The code below alters the dataset to separate the 'DateTime' column into two separate columns 'Date' and 'Time' and assigns it to a variable 'chicago.crime.test.narc' using the separate() function. It then filters the new dataset to only show those offenses that happened in the year 2016 and were drug-related using the filter() function. The filter() function is used again to filter the previously created dataset to only show the offenses that contained the string 'MANU' in the description of the crime to represent only drug-related crimes that were manufacturing and distributing drugs.
The code then separates the 'Date' column into three separate columns 'Year1','Month', and 'Day'. 'Year1' column was not removed as the ultimate goal was a graph, and thus the 'tidyness' of the tibble was not a priority.
The code then uses the group_by() function to group the dataset by year, month, and description and finally uses the summarize() and arrange() functions to count the number of crimes per category per month and then organizes the tibble in descending order of number of crimes. The top of the tibble is shown using the head() function. It appears as if the main drug being distributed in Chicago is 'white heroin'.
The code below takes the tibble 'by_date_and_type' and creates a line graph for each type of offense in manufacturing/distributing drugs over a period of months for 2016 and assigns it to a variable 'q'. The options() function controls the height and width of the graph display window.

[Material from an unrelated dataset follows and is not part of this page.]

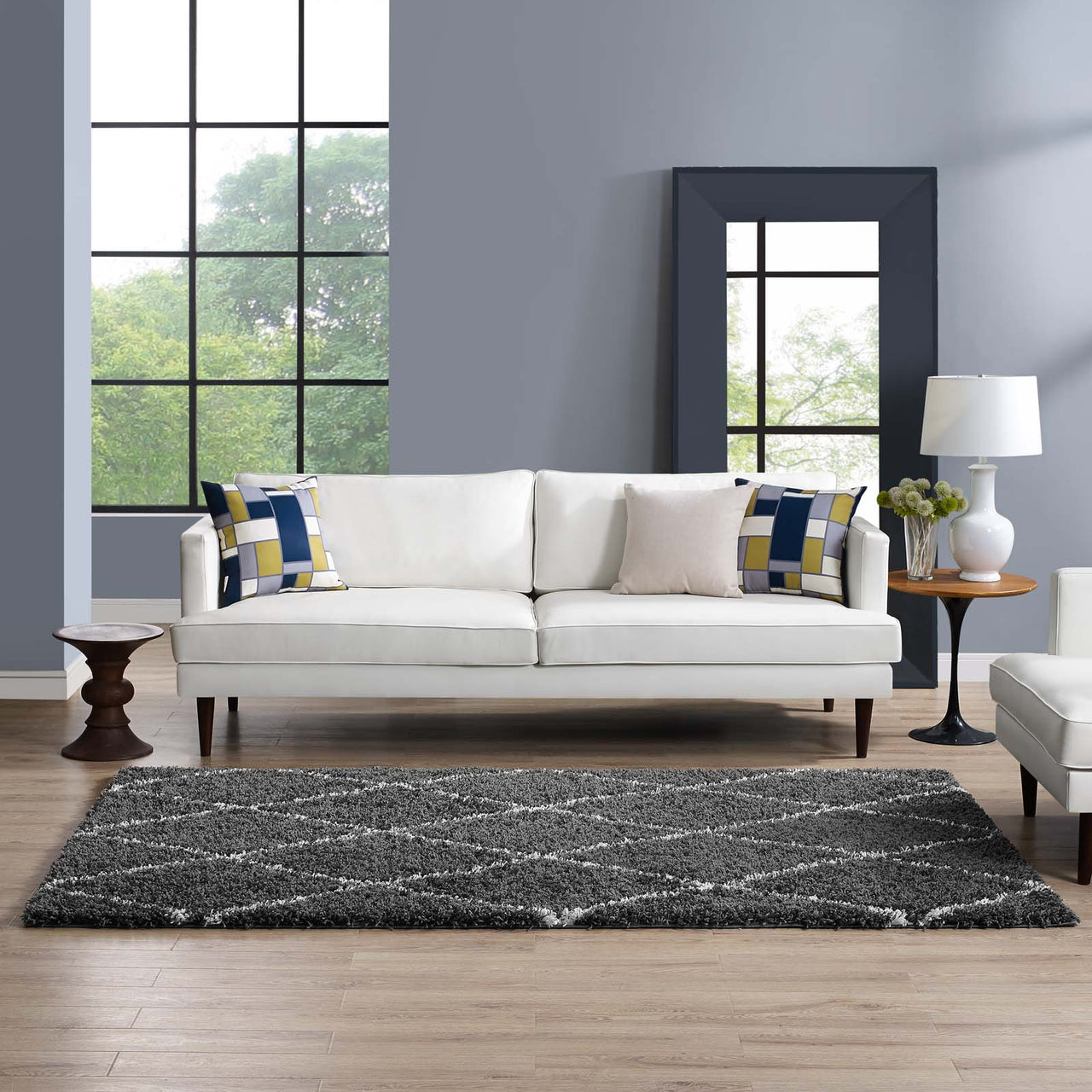 Winter Crystals 5x8 Shag Area Rug, Dark Gray & Ivory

The graph shows that initially there was a large amount of 'white heroin' being distributed in Chicago at the beginning of 2016 and swiftly declined near the end of 2016 while the manufacture/distribution of marijuana in quantities over 10 grams rose as the year went on.
The code below separates the dataset column 'Date' into two separate columns 'Date' and 'Time by using the separate() function and then filters the dataset to show only data for the year 2016 using the filter() function.

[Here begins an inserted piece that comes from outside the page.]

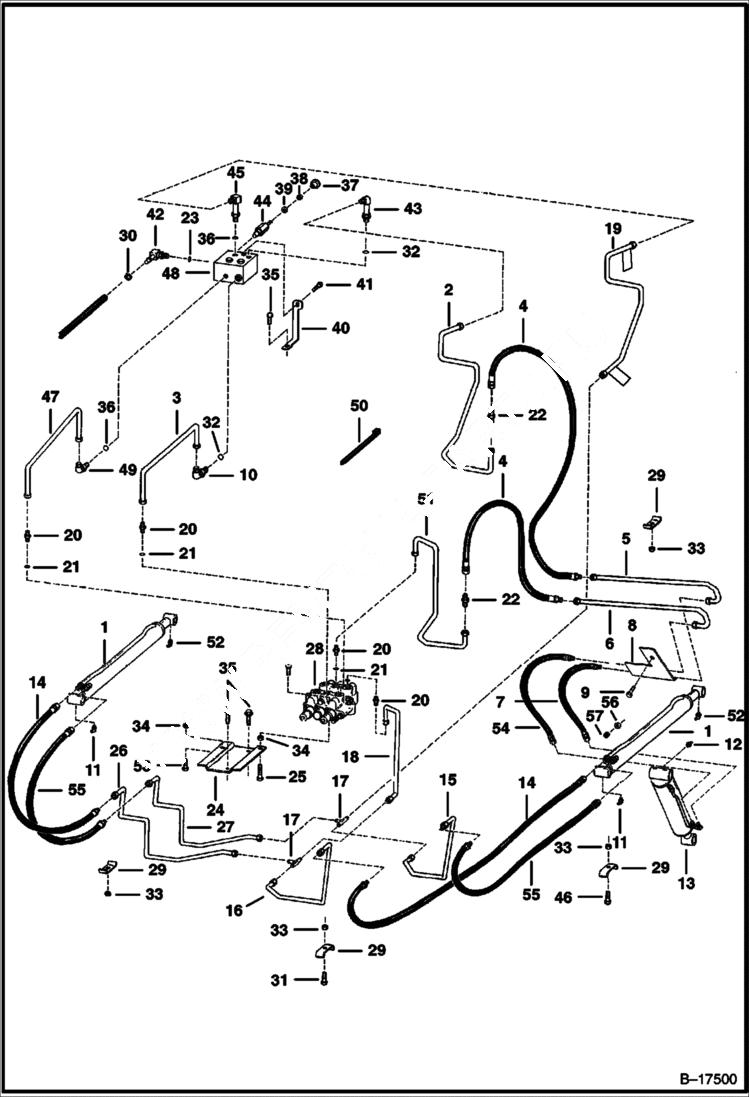 Схема запчастей Bobcat 400s - HYDRAULIC CIRCUITRY (W/O Bucket Positioning Valve) HYDRAULIC SYSTEM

The resulting dataset is then grouped by Year, Community.Area, and Date using the group_by() function. A new column is added counting the number of crimes per day per community area using the summarize() function nested in the arrange() function.
The summarize() function is used again to get summary statistics for the dataset such as the mean, minimum, maximum, upper and lower quartiles, median, variance, and standard deviation of the dataset.
Finally the dataset is arranged in descending order of mean amount of crimes using the arrange() function. The top of this dataset is shown using the head() function.
The code below is used to create a boxplot for each community showing some of the summary statistics for each community.area for the year of 2016. As is shown by the boxplot the community areas 25, 8, and 28 have very high rates of crime compared to other community areas. ggplot() and geom_boxplot() are used.
The code below filters the dataset to only show homicides for 2016 from January 1st to January 24th using the filter() function and finally filters the dataset to show homicides within the same time period for the year January 2017 using the filter() function. This is to check the validity of Trump's claim that homicides in Chicago are up.
This was done to test the validity of a comment Trump made about the rising number of homicides in Chicago. It appears that he was telling the truth, that homicides in Chicago have been on the rise during the time period Trump specified from 2016 to 2017. However, during this time period homicides rose 22% from 2016 not 24% and there were actually 45 homicides rather than 42 in 2017.
The code below is filtered using the filter() function to show different types of crime that were handgun related during the time period Trump suggested that there was 228 shootings.
It appears as if Trump fabricated his data about shootings in Chicago for 2017 as there were no crimes involving handguns from January 1 2017 to the day Trump tweeted that he 'should call in the feds for Chicago'.